An Illustrated World
A fun look at the virtues of drawings
Image via HUFFINGTON POST
In the world of Architecture there is an unrivalled need to communicate what we think and see.
We need to pass on our concepts and their virtues by all means necessary!
You can try and describe them, but words are ambiguous.
Graphs and data do give us the facts, but art cannot be reduced to numbers.
Photography does captivate our senses, but in captivating the moment in all it's perfection you cannot find the object's essence.
Reality doest not show the distortion that emotion brings to our sights.
And let us not forget sculptures and models... although their problem lies within the limitations of the materials and scale of it all. A rigorous model closes the door onto the imagination that a simple sketch brings.
Hence, it is ilustration, the visualization of our imaginations or graphical memory manifested onto reality, giving us a glimpse of the raw concept starting to take shape between the wings of life itself.
Architecture and Illustration have always shared their necessities and virtues, the communication and, sometimes, their rigorous edge.
All aspects of this relationship are needed to talk with the clients, owners, comitees and, even, coleagues.
Since time immemorial, drawings were the ultimate tool of the architect.
Only in recent times have the new tools of Photoshop and renderings been introduced to us.
Even if both of them seem distant from illustration, you can find their gap closing in, and a mixture of all three of them creating and recreating what soars through the mind of the artist.
As such, we introduce to you, our readers, some prime examples that have ilustrated those concepts perfectly, or left us marvel in the recesses of our mind.
We start with Adolf Hitler:
Aspiring painter, frustrated dictator!
Would this have been the colorful world we'd live in if he had chased his dream of ilustrating?

Image via WHITEHOT MAGAZINE
In less color and more detail, we also have the infamous but only subjectively harmful Viollet Le Duc, one of the forefathers of restoration and architectural theory across the world.
Most of his drawings were mere suggestions of unreal buildings, but nonetheless surreal in their quality.

Less known in the kingdom of architecture but equally, if not more, talented was the painter Canaletto and his untouchable, remarkable landscape depictions of the 18th century.
Proving to us that good illustration has been around for centuries!

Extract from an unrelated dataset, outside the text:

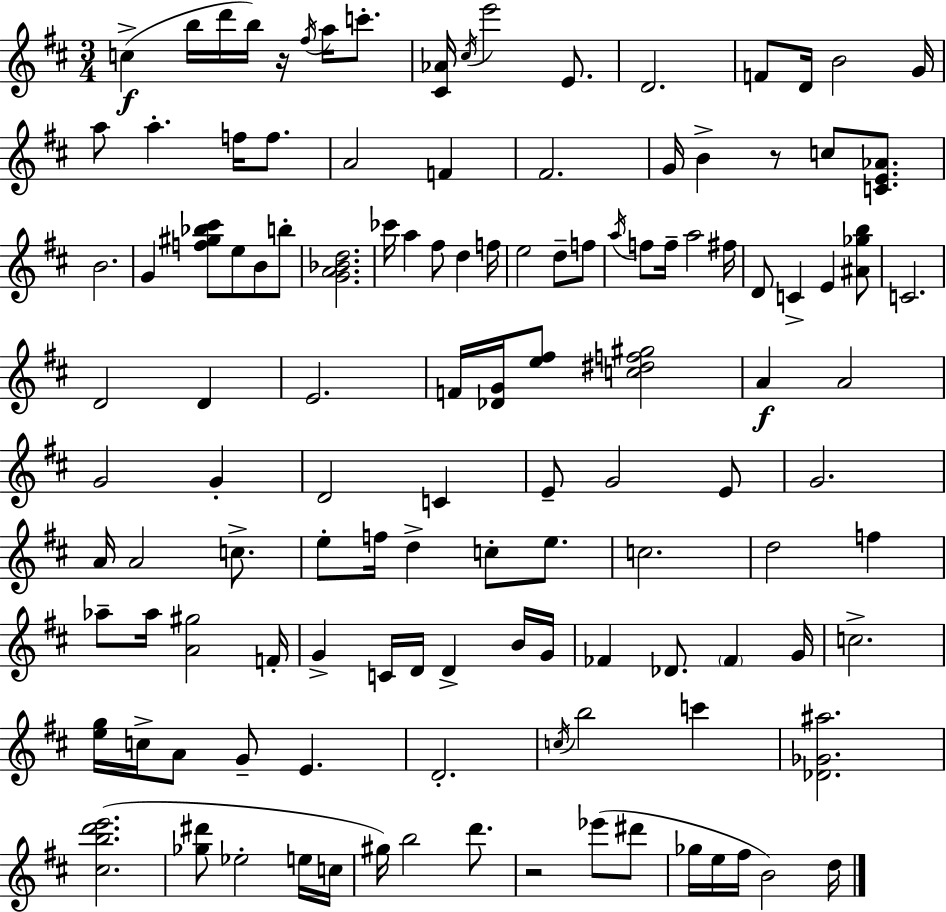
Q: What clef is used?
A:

Although nowadays we also create our own little big wonders...
From Genesis Studios we were granted these fabulous aereal views with vibrant colors and life oozing out of each pixel, showing us a dream-like landscape ready to be brought upon the world!


Images via GENESIS STUDIOS
Whilst searching for life, we found a tiger...
We aren't talking about Calvin and Hobbes here, but more along the lines of Dennis Allain and his inovative illustrations.
For whom questions themselves about the way in which these works were made: his secret is in 3D modelling and his amazing skills in Photoshop.

Image via DENNIS ALLAIN
But these illustrations don't need to be about a single atrium, a canal, a street or panoramic view, it can include an entire city!
There are so many impressive illustrations that maps and urbanism in general have brought us that we basically had infinite pictures from which to choose from!

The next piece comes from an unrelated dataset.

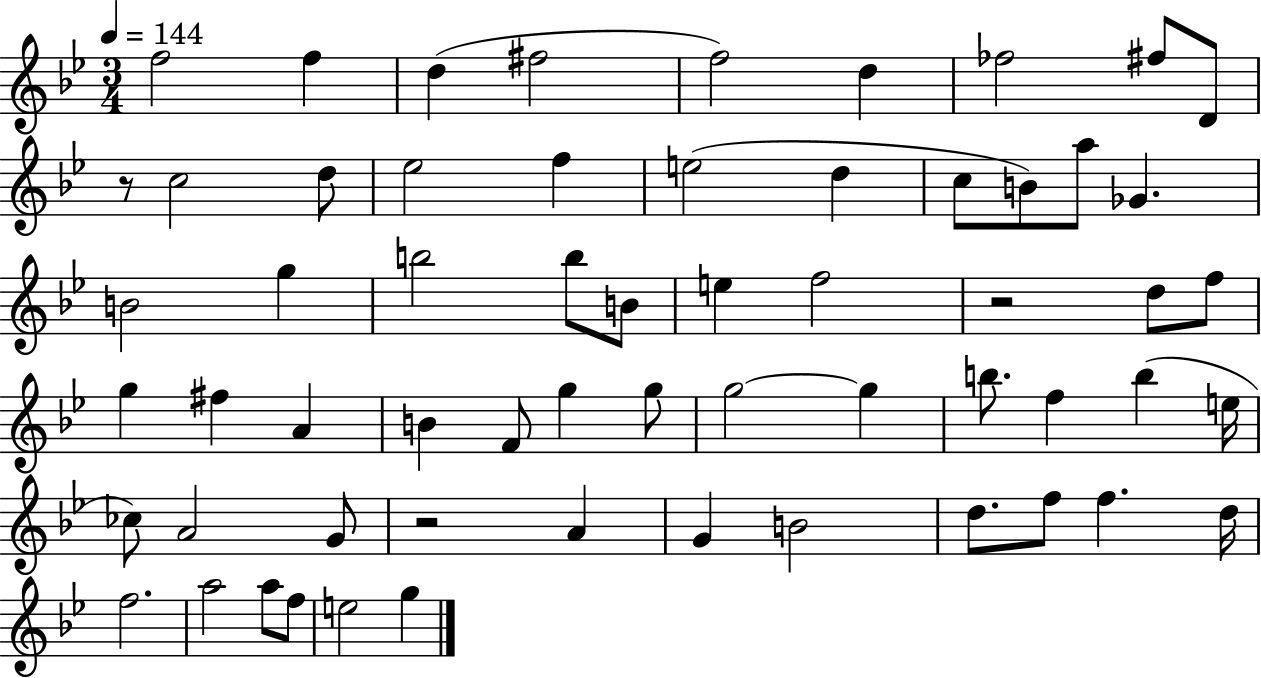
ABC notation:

Image via COLUMBIA UNIVERSITY
When drawing you don't even have to draw about the present day.
Timewise, you are as free as a pirate!
As an example, you have the simple recreation of a fantasy past left behind, as Nigel Gilbet envisioned...

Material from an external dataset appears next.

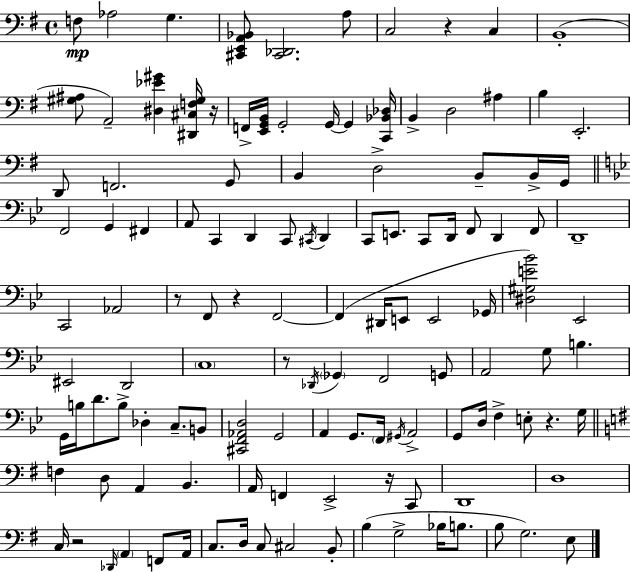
F3/e Ab3/h G3/q. [C#2,E2,A2,Bb2]/e [C#2,Db2]/h. A3/e C3/h R/q C3/q B2/w [G#3,A#3]/e A2/h [D#3,Eb4,G#4]/q [D#2,C#3,F3,G#3]/s R/s F2/s [E2,G2,B2]/s G2/h G2/s G2/q [C2,Bb2,Db3]/s B2/q D3/h A#3/q B3/q E2/h. D2/e F2/h. G2/e B2/q D3/h B2/e B2/s G2/s F2/h G2/q F#2/q A2/e C2/q D2/q C2/e C#2/s D2/q C2/e E2/e. C2/e D2/s F2/e D2/q F2/e D2/w C2/h Ab2/h R/e F2/e R/q F2/h F2/q D#2/s E2/e E2/h Gb2/s [D#3,G#3,E4,Bb4]/h Eb2/h EIS2/h D2/h C3/w R/e Db2/s Gb2/q F2/h G2/e A2/h G3/e B3/q. G2/s B3/s D4/e. B3/e Db3/q C3/e. B2/e [C#2,F2,Ab2,D3]/h G2/h A2/q G2/e. F2/s G#2/s A2/h G2/e D3/s F3/q E3/e R/q. G3/s F3/q D3/e A2/q B2/q. A2/s F2/q E2/h R/s C2/e D2/w D3/w C3/s R/h Db2/s A2/q F2/e A2/s C3/e. D3/s C3/e C#3/h B2/e B3/q G3/h Bb3/s B3/e. B3/e G3/h. E3/e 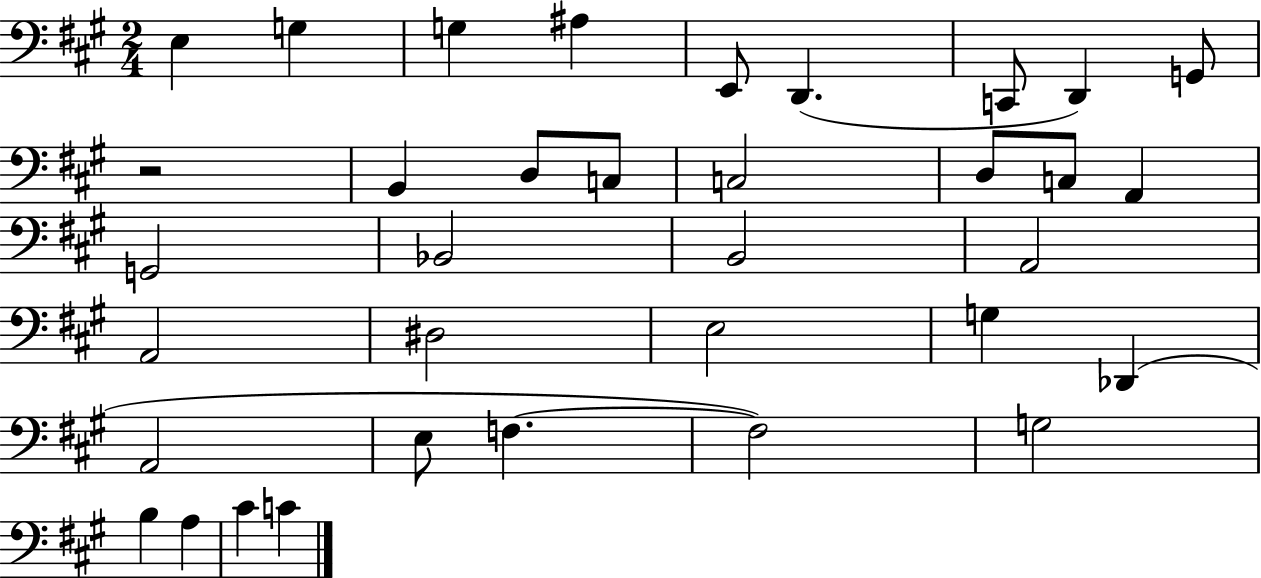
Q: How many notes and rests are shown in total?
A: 35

Image via SOCIETY OF ARCHITECTURAL ILLUSTRATION
We can even leave reality's constraints once and for all and find inspiration in the montages of Nils Ole Lund and his Architecture Hat.

Image via SOCKS STUDIO
Escaping reality into the rabbit hole and commiting to fantasy itself, we can find delight in Ana Aragão's charismatic child-like drawings!
Let it move you like it moved us.

Image via PUBLICO
Even more minimal is the also portuguese illustrator André Chiote and his outstanding posters.
With the tip of his fingers, Architecture gains publicity-like eye-catching properties.

Image via MMMINIMAL
The contrast between the diferent styles astonishes us as much as this work from Paul Davies.
The colors and contrast that shall always leave a mark in our hearts, in this world of illustration ready to find!